The engagement of eighteenth-century women with popular culture, then and now, produces a few success stories, a few outright or near failures, and a large number of highly ambivalent outcomes—a fact that this collection amply demonstrates. Part I is compelling and cohesive. Ms. Potter closely reads Pope’s Rape of the Lock and Seth Grahame-Smith’s Pride and Prejudice and Zombies. That Pope trivializes Belinda and her interest in fashion offers no surprises; that Grahame-Smith’s zombies “provide a literalization of the threat of a social death in spinsterhood” proves an apt and entertaining premise. Ms. Potter’s juxtaposition of eighteenth- and twenty-first-century texts mirrors that of the collection; however, the choice of texts by male authors subtly undercuts the notion of women’s cultural contributions.

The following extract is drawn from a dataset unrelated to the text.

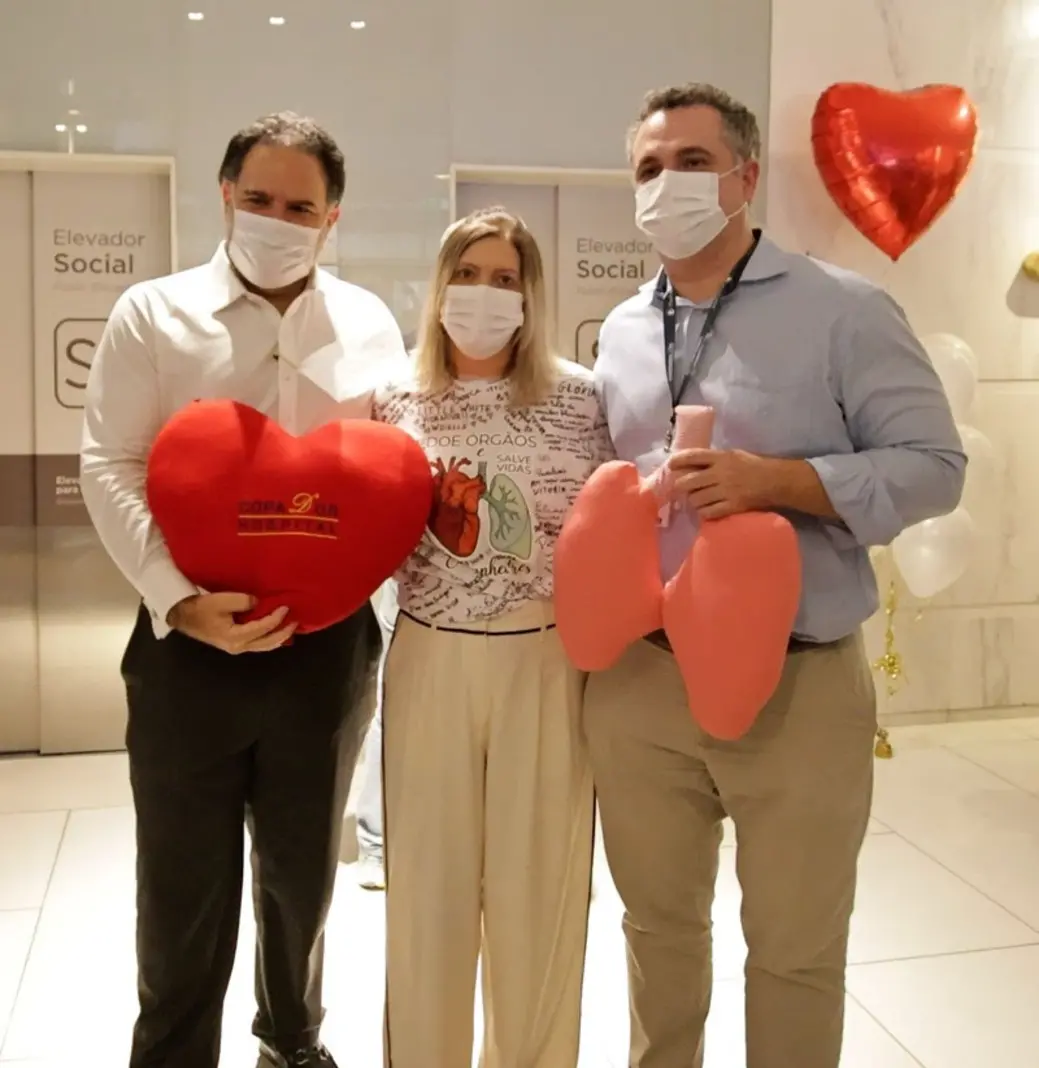 Primeiro transplante duplo de coração e pulmões feito no Rio de Janeiro salvou Márcia Branquinho, de 51 anos. Esse avan…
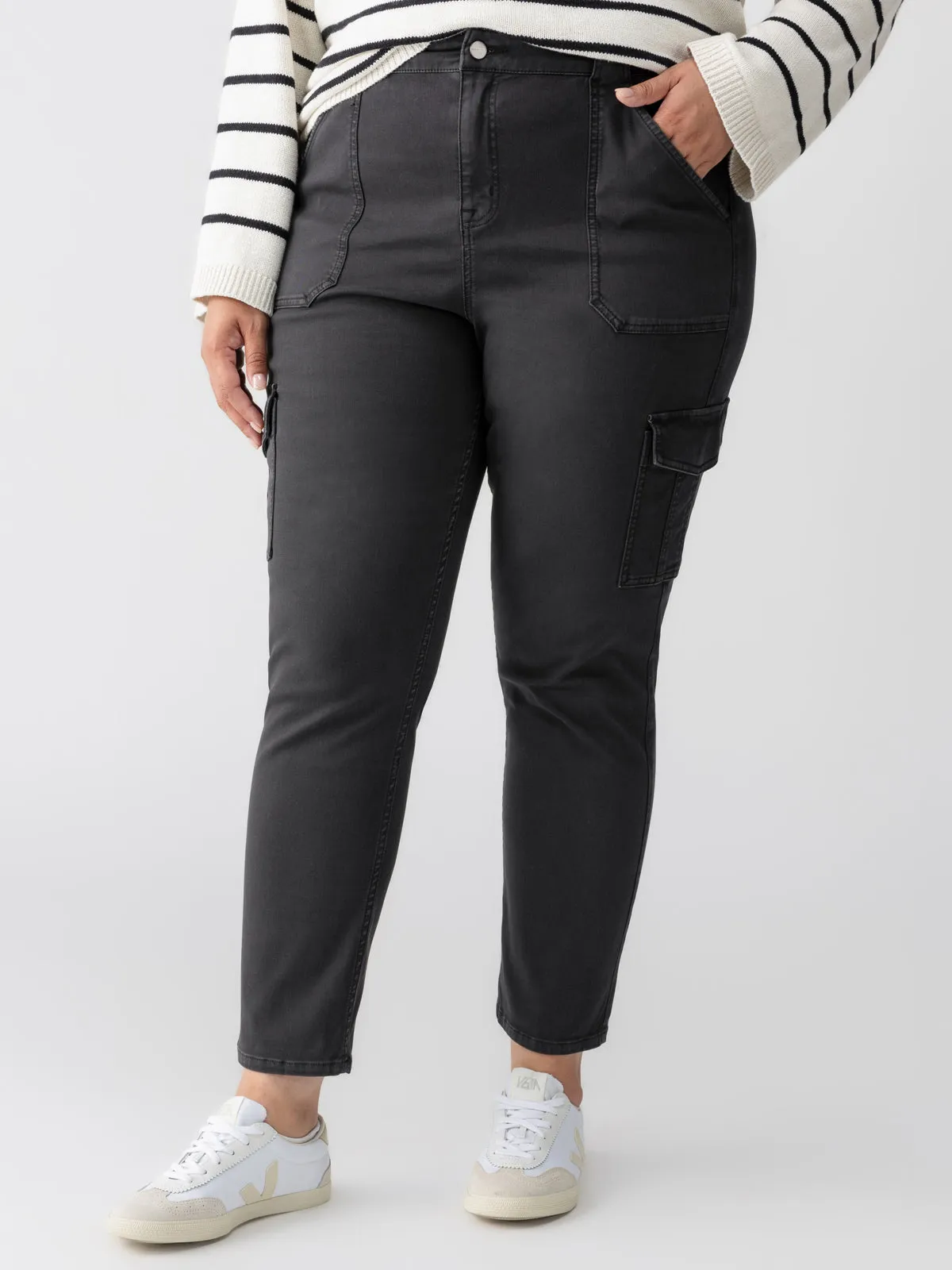 Sculpted Hayden Cargo Standard Rise Pant Black Extended Sizing Layer Comfort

The remaining essays in Part I emphasize women’s ability to use and alter popular culture in ways that empower them and influence others. Berta Joncas focuses on ballad opera, a genre that “stereotyped, derided and censured women,” and how two singers, Lavinia Fenton and Kitty Clive, “shaped and popularized the works they performed” through careful manipulation of their performances of femininity. Paula Backscheider’s essay examines eighteenth-century revivals of Otway’s Venice Preserved, a popular play “available for volatile interpretations over time”; in particular, the actresses playing the part of Belvidera—Elizabeth Barry, Ann Barry, Susannah Cibber, and Sarah Siddons—could alter interpretation by emphasizing either pity or horror. Actresses also provide the focus of Jessica Munns’s essay, which demonstrates how “Female aristocrats and [End Page 181] lower-class actresses were mutually involved in circuits of representation in which they drew on each other’s manners and appearance.” Last, Elaine Chalus examines how eighteenth-century women used fashion in order to make political statements and to influence political outcomes: “politicized fans . . . provided women with an additional way of expressing political opinions, commenting upon national and international developments, and adding to the overall politicization of the spaces through which they moved.”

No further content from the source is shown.